* _TASK INSTRUCTIONS_: Would you set down the data that follows, word for word, without any pictures?

* _SUPPLIED DATA_:
——————————

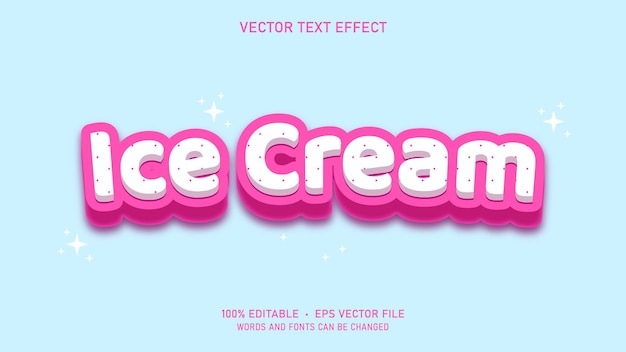 editable ice cream vector text effect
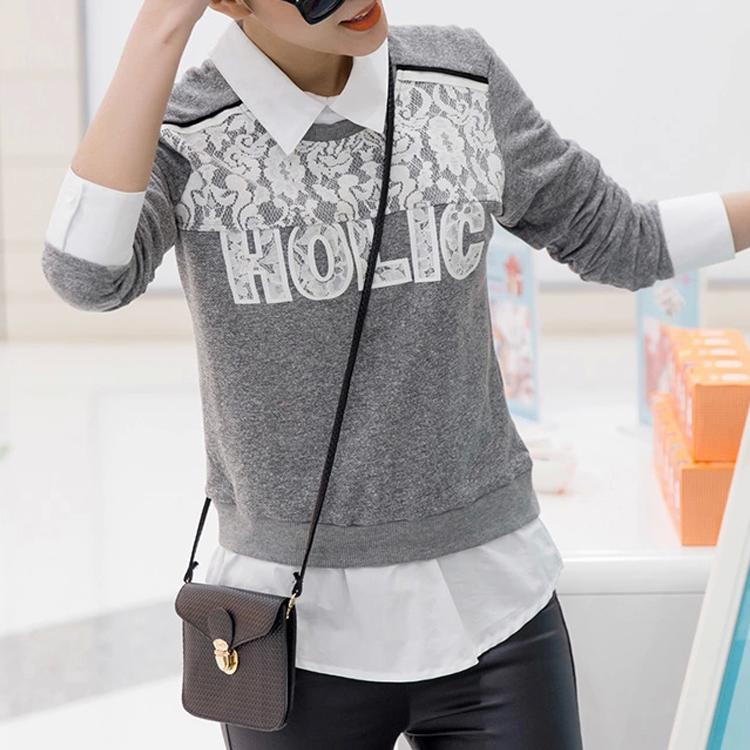 2015春装韩版时尚修身纯棉假两件套衬衫领套头卫衣女打底衫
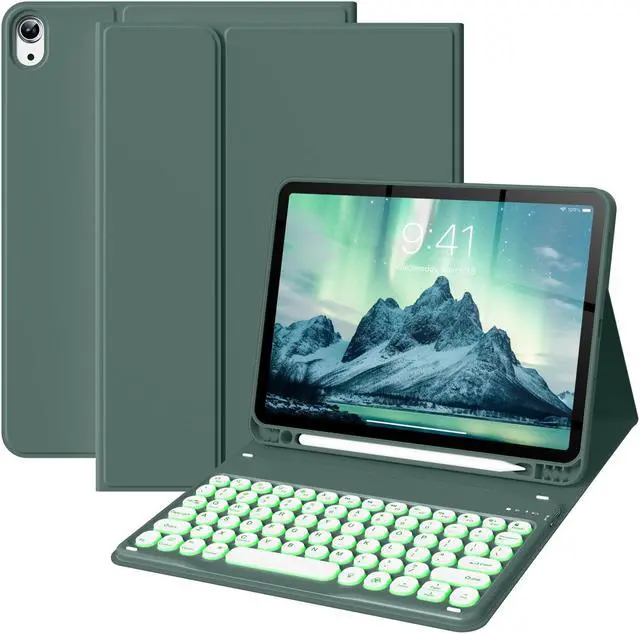 Main image of BQDIYOO Case for iPad Air 11 Inch Case with Keyboard, iPad Air 5th/4th Gen Case with Keyboard 7 Colors Backlit, Auto Wake/Sleep Cover for iPad Air 11 Inch 2024 iPad Air 5th/4th gen 2022 2020(Green)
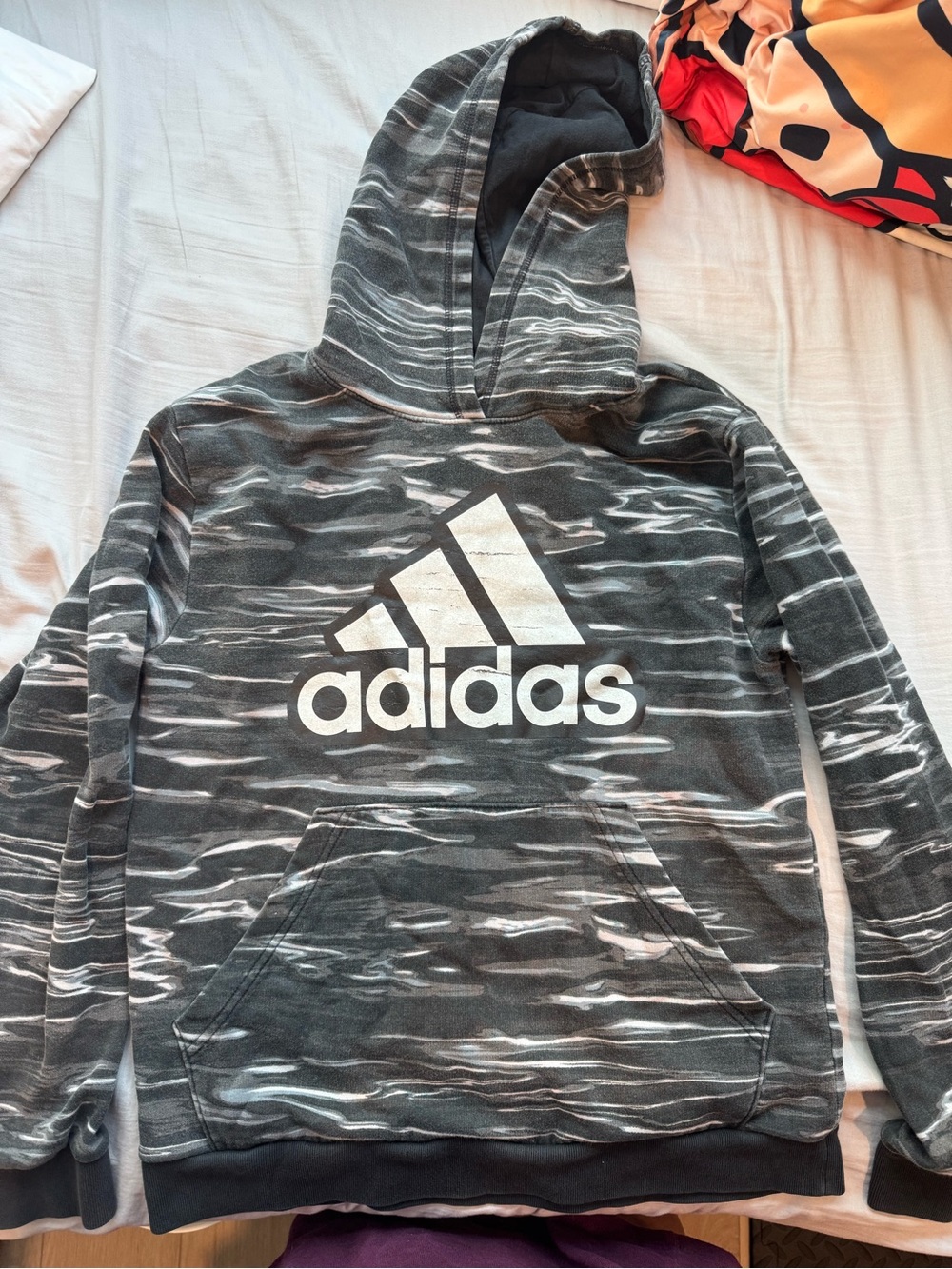 adidas Kids Gray Camo Logo Hoodie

——————————

* _RESULT OF THE EXERCISE_:
 editable ice cream vector text effect
 2015春装韩版时尚修身纯棉假两件套衬衫领套头卫衣女打底衫
 Main image of BQDIYOO Case for iPad Air 11 Inch Case with Keyboard, iPad Air 5th/4th Gen Case with Keyboard 7 Colors Backlit, Auto Wake/Sleep Cover for iPad Air 11 Inch 2024 iPad Air 5th/4th gen 2022 2020(Green)
 adidas Kids Gray Camo Logo Hoodie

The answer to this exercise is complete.